- _SOURCE DATA_
Content starts
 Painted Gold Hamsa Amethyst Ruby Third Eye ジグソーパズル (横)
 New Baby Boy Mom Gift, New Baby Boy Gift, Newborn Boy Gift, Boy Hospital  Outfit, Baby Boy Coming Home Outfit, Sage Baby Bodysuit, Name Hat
Content ends
Content starts
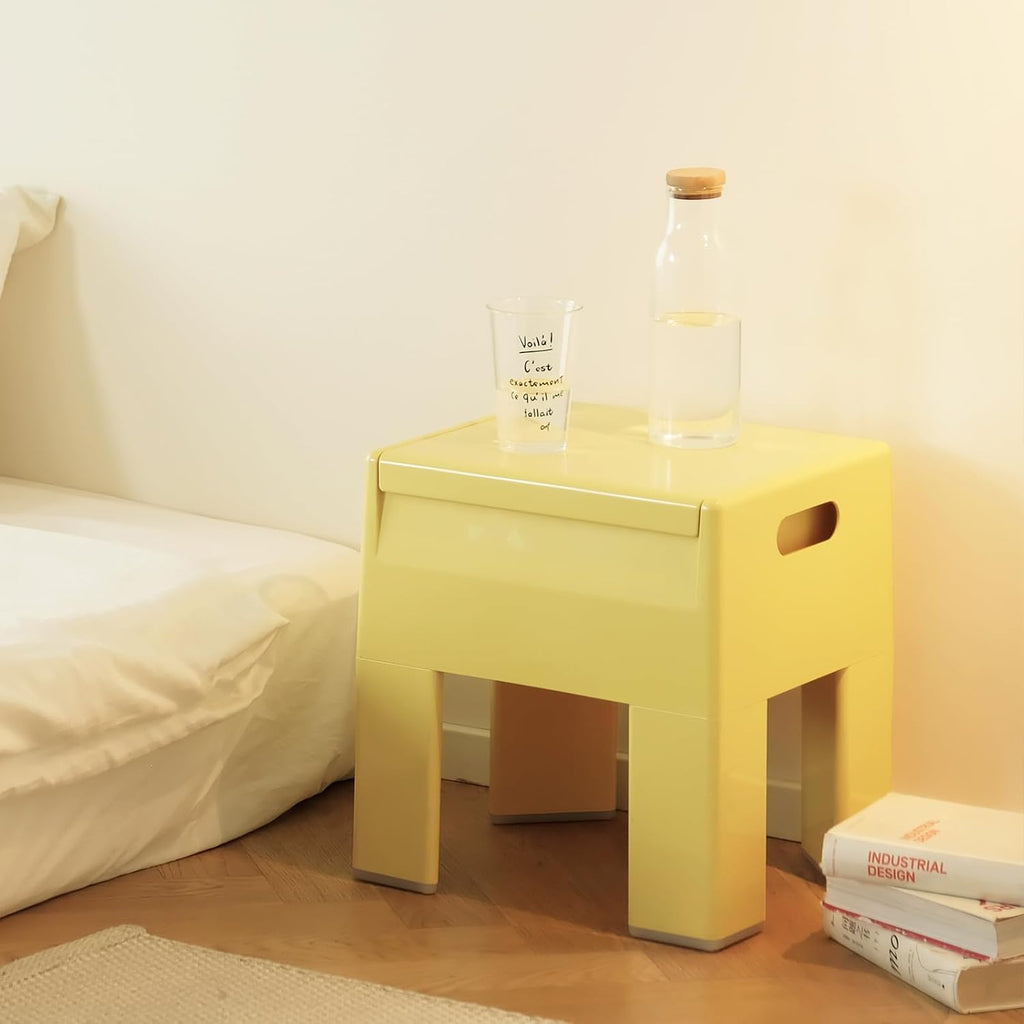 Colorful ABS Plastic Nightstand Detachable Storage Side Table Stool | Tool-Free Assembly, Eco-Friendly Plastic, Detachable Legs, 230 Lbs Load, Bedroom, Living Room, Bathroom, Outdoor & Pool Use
Content ends
Taking the material above, extract exactly and only the lines from the line with "Painted Gold Hamsa" to the line with "New Baby Boy Mom", inclusive of both.

 Painted Gold Hamsa Amethyst Ruby Third Eye ジグソーパズル (横)
 New Baby Boy Mom Gift, New Baby Boy Gift, Newborn Boy Gift, Boy Hospital  Outfit, Baby Boy Coming Home Outfit, Sage Baby Bodysuit, Name Hat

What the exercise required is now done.